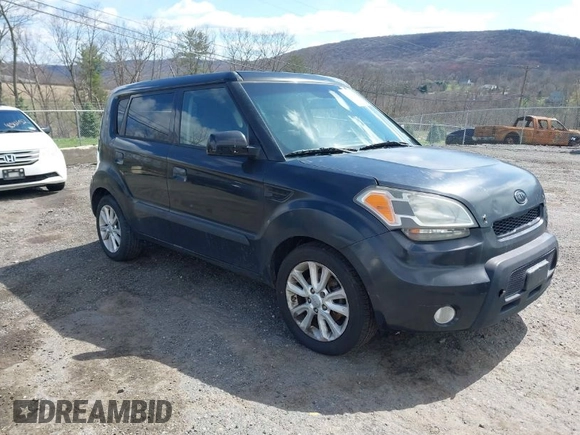 2010 Kia Soul + with VIN KNDJT2A29A7038620, listed as a IAAI auction lot 41989573 with 141,312 mi miles. Bid and sale history available at carsss.com. Image 1.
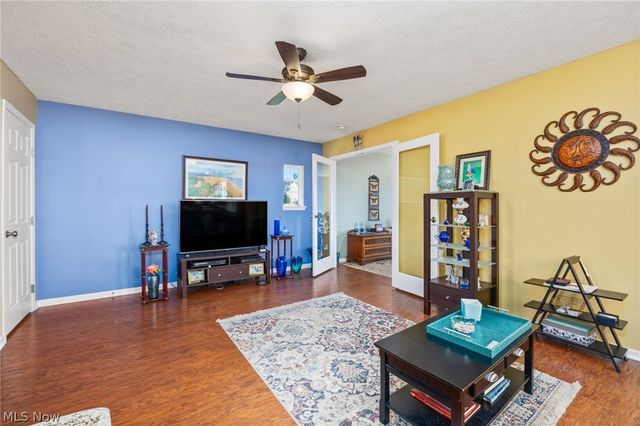 211 Burkdale Court, Wadsworth, OH 44281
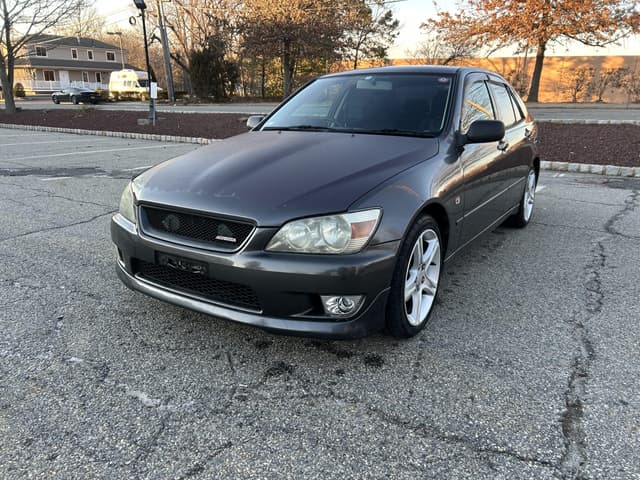 1998 Toyota Altezza JDM car for sale — photo 11 of 25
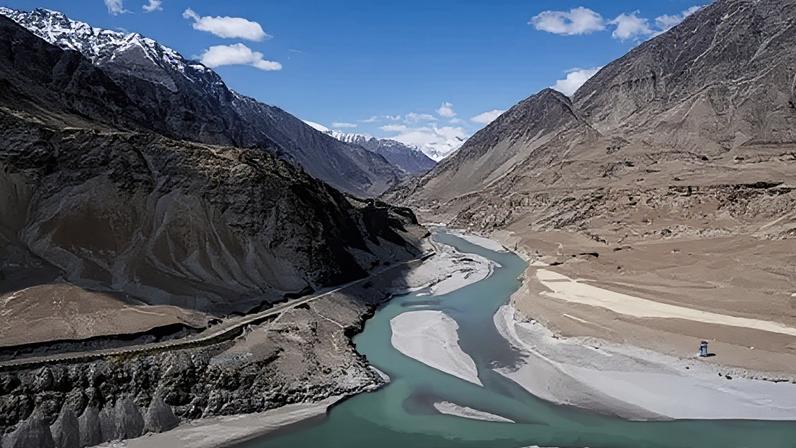 Himalaias ficam nus e rochosos após menor neve de inverno, alertam cientistas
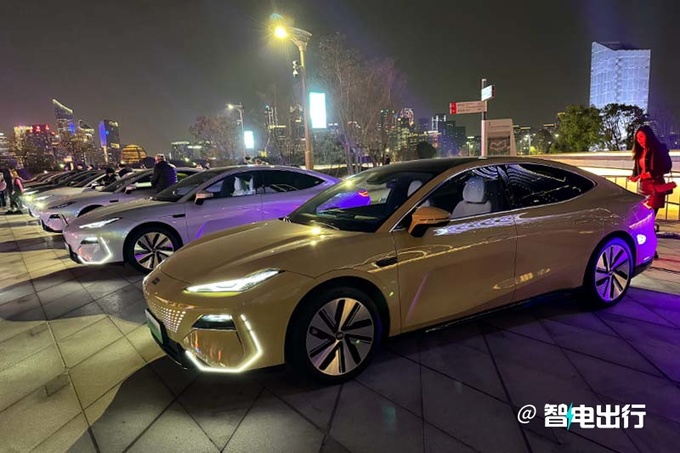 降1.8萬吉利銀河E8限時售16.98萬起139項標配-圖2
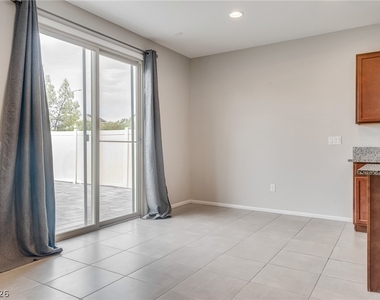 126 Pivot Avenue - Photo Thumbnail 5
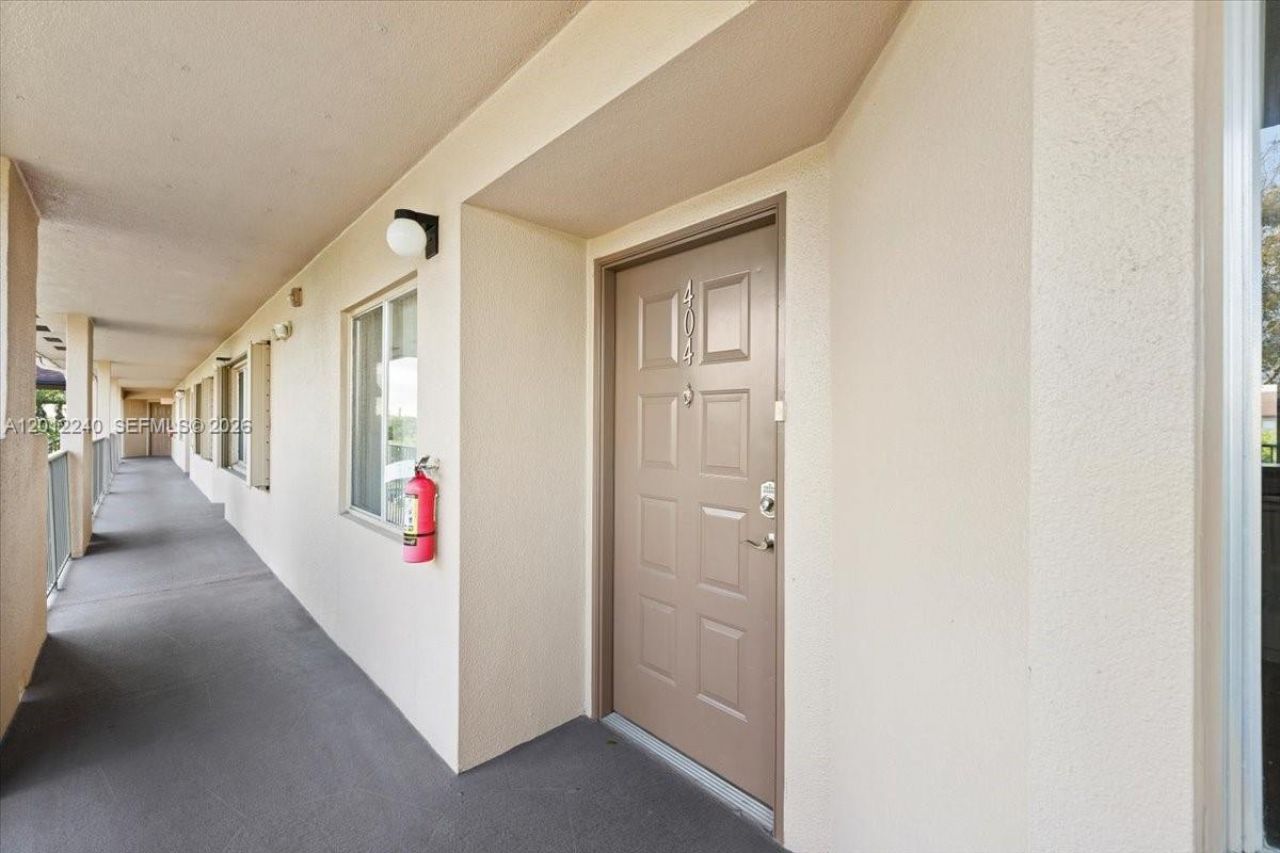 12551 SW 16th Ct, Unit 404C, Pembroke Pines, FL 33027 Photo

■ Work order ■
I would like the material repeated in full and exactly, with its images omitted.

■ Answer space ■
 2010 Kia Soul + with VIN KNDJT2A29A7038620, listed as a IAAI auction lot 41989573 with 141,312 mi miles. Bid and sale history available at carsss.com. Image 1.
 211 Burkdale Court, Wadsworth, OH 44281
 1998 Toyota Altezza JDM car for sale — photo 11 of 25
 Himalaias ficam nus e rochosos após menor neve de inverno, alertam cientistas
 降1.8萬吉利銀河E8限時售16.98萬起139項標配-圖2
 126 Pivot Avenue - Photo Thumbnail 5
 12551 SW 16th Ct, Unit 404C, Pembroke Pines, FL 33027 Photo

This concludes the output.